> **MATERIAL FOR THIS TASK**:
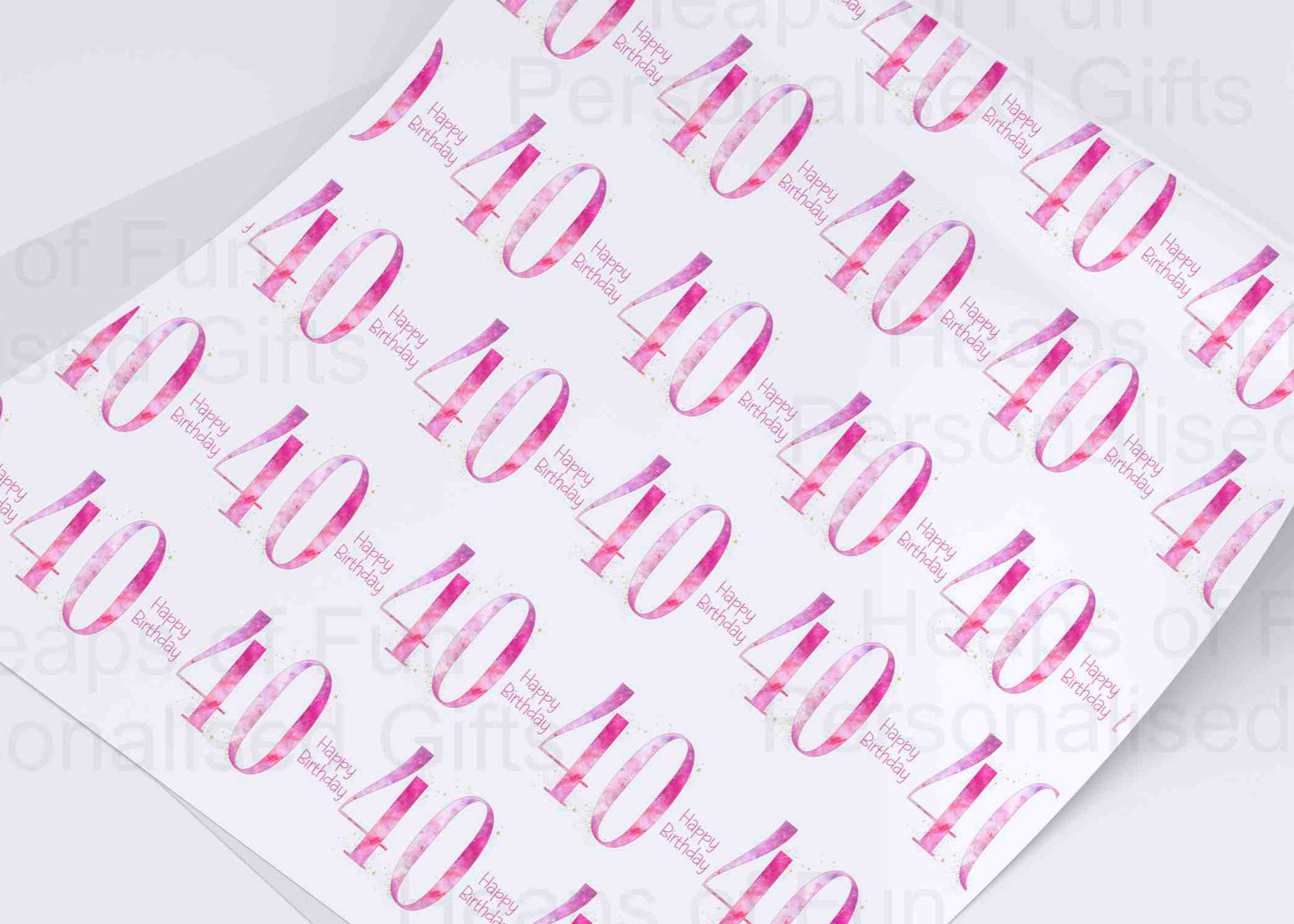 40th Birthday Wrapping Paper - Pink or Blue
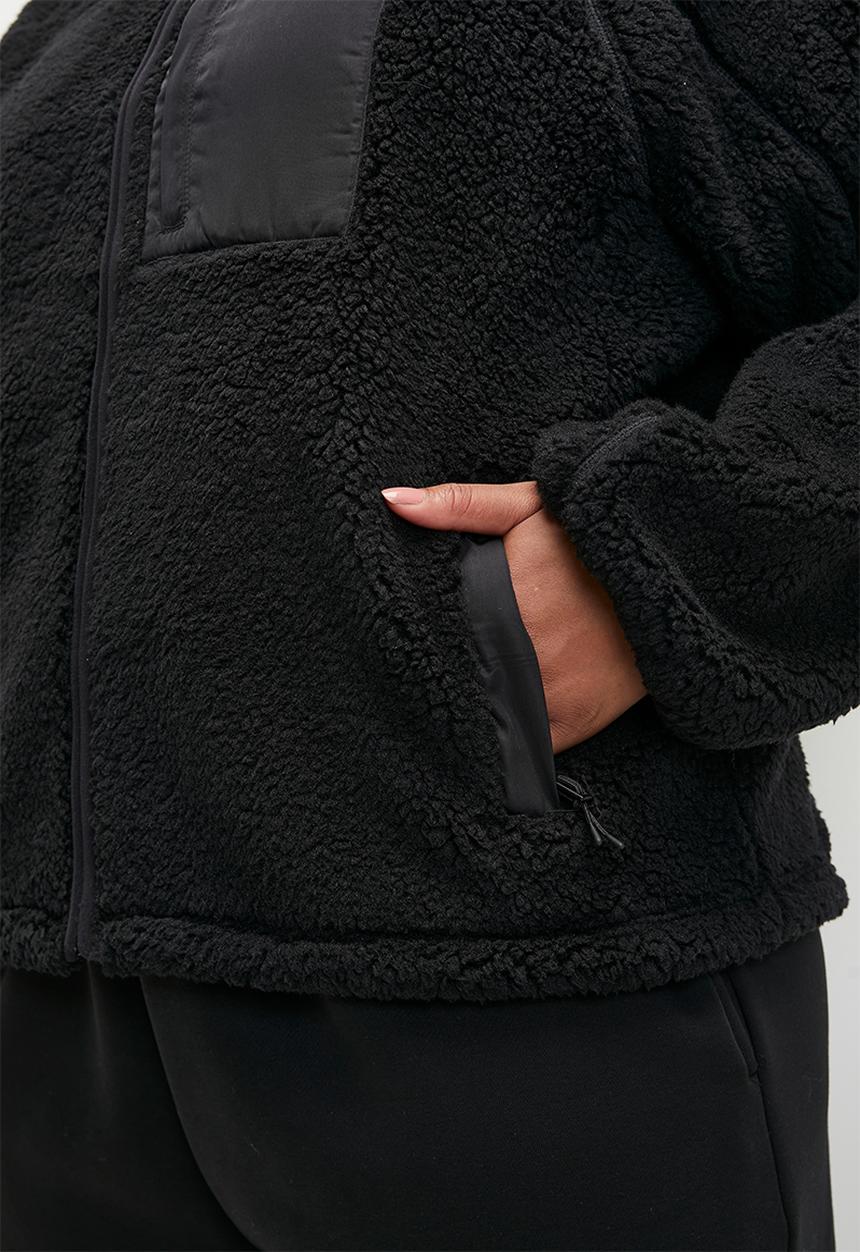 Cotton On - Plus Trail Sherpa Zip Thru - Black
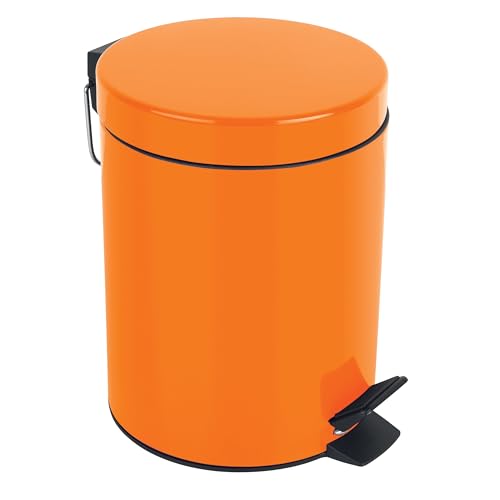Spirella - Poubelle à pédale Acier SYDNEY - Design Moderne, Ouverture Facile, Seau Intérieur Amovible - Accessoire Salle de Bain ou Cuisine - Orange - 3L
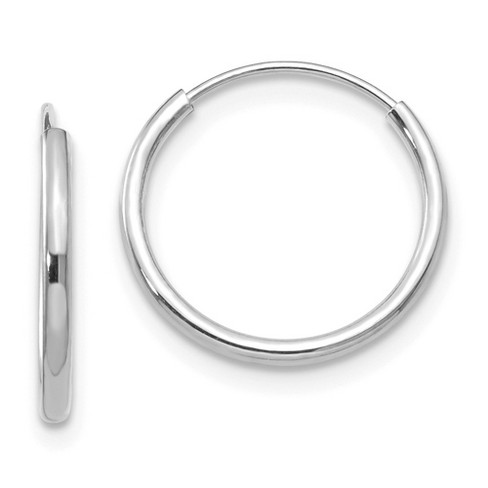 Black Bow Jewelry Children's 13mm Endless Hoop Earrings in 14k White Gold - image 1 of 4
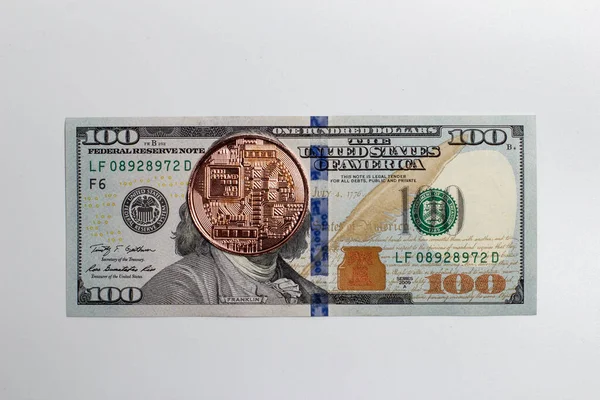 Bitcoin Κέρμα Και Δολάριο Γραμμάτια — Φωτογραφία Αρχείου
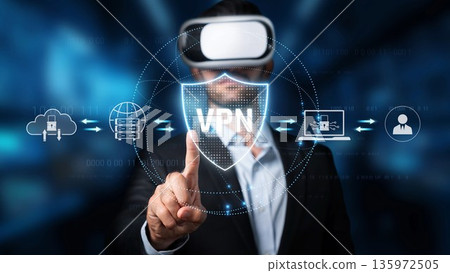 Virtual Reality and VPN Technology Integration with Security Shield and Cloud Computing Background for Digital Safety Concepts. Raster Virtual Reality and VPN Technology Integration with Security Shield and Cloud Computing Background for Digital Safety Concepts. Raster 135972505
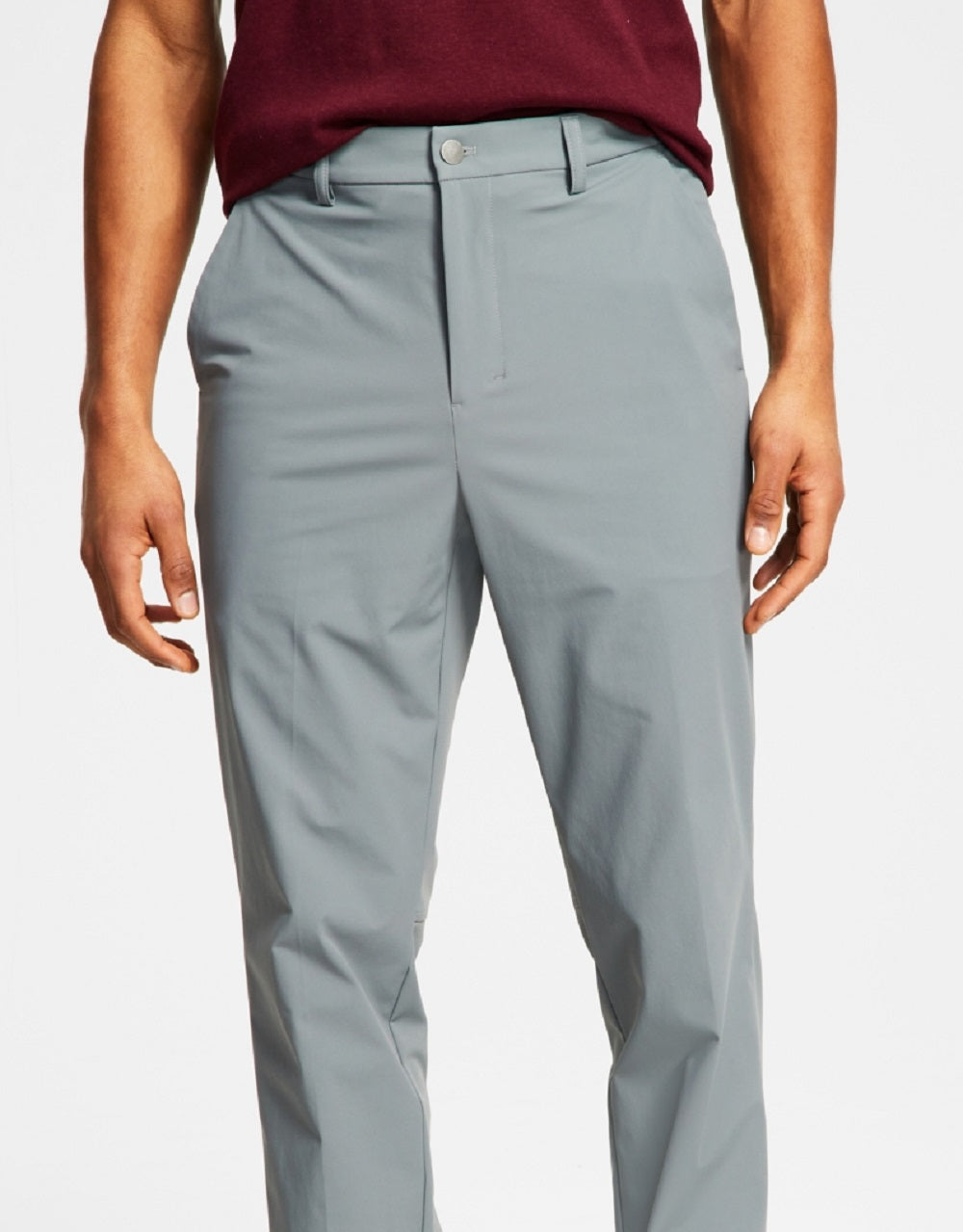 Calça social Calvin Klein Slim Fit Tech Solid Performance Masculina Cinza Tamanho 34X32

> **TASK DETAILS**: The result should be a precise copy of all the entries, free of pictures.

> **ANSWER TO THE PROBLEM**:
 40th Birthday Wrapping Paper - Pink or Blue
 Cotton On - Plus Trail Sherpa Zip Thru - Black
Spirella - Poubelle à pédale Acier SYDNEY - Design Moderne, Ouverture Facile, Seau Intérieur Amovible - Accessoire Salle de Bain ou Cuisine - Orange - 3L
 Black Bow Jewelry Children's 13mm Endless Hoop Earrings in 14k White Gold - image 1 of 4
 Bitcoin Κέρμα Και Δολάριο Γραμμάτια — Φωτογραφία Αρχείου
 Virtual Reality and VPN Technology Integration with Security Shield and Cloud Computing Background for Digital Safety Concepts. Raster Virtual Reality and VPN Technology Integration with Security Shield and Cloud Computing Background for Digital Safety Concepts. Raster 135972505
 Calça social Calvin Klein Slim Fit Tech Solid Performance Masculina Cinza Tamanho 34X32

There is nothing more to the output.